SUPPLIED DATA |
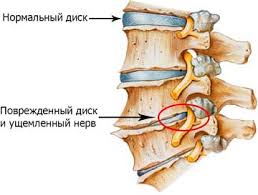 Osteohondroz Poyasnichnogo Otdela Pozvonochnika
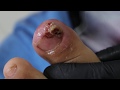Ep_640 Nail treatment extreme infected ingrown 👣 เจ็บเล็บ เจ็บแผล ต่างกันอย่างไร?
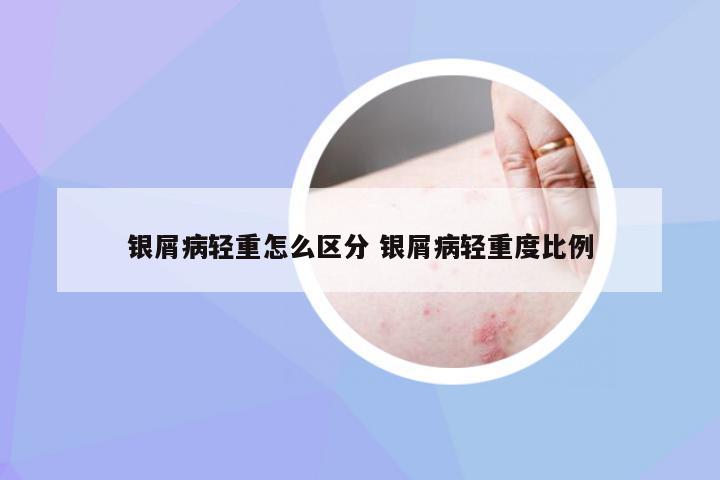 银屑病轻重怎么区分 银屑病轻重度比例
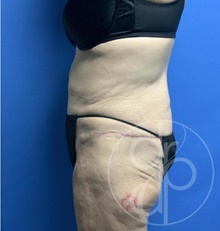 Tummy Tuck After Photo by Danielle DeLuca-Pytell, MD; Troy, MI - Case 47793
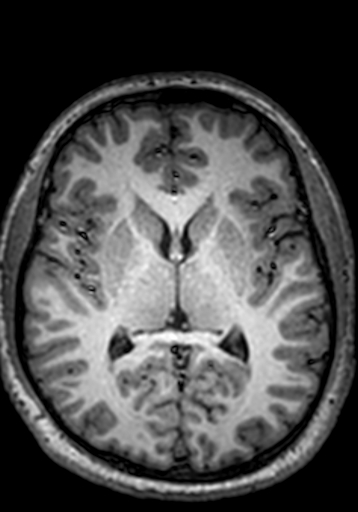 Cerebral arteriovenous malformation at posterior body of corpus callosum (Radiopaedia 74111-84925 Axial T1 141).jpg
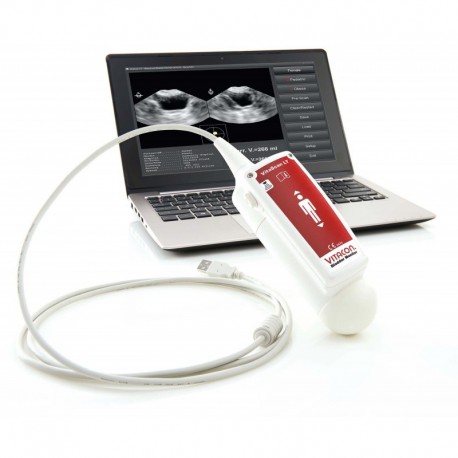 Bladder scanner VITASCAN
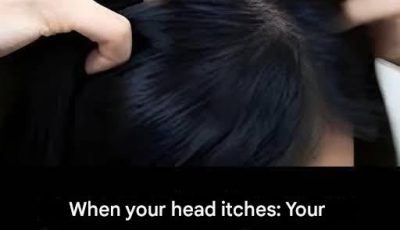 Itchy scalp? Here are the main causes.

WORK REQUEST |
Pictures stay out of the copy; please restate every record above exactly.

RESULT OF THIS EXERCISE |
 Osteohondroz Poyasnichnogo Otdela Pozvonochnika
Ep_640 Nail treatment extreme infected ingrown 👣 เจ็บเล็บ เจ็บแผล ต่างกันอย่างไร?
 银屑病轻重怎么区分 银屑病轻重度比例
 Tummy Tuck After Photo by Danielle DeLuca-Pytell, MD; Troy, MI - Case 47793
 Cerebral arteriovenous malformation at posterior body of corpus callosum (Radiopaedia 74111-84925 Axial T1 141).jpg
 Bladder scanner VITASCAN
 Itchy scalp? Here are the main causes.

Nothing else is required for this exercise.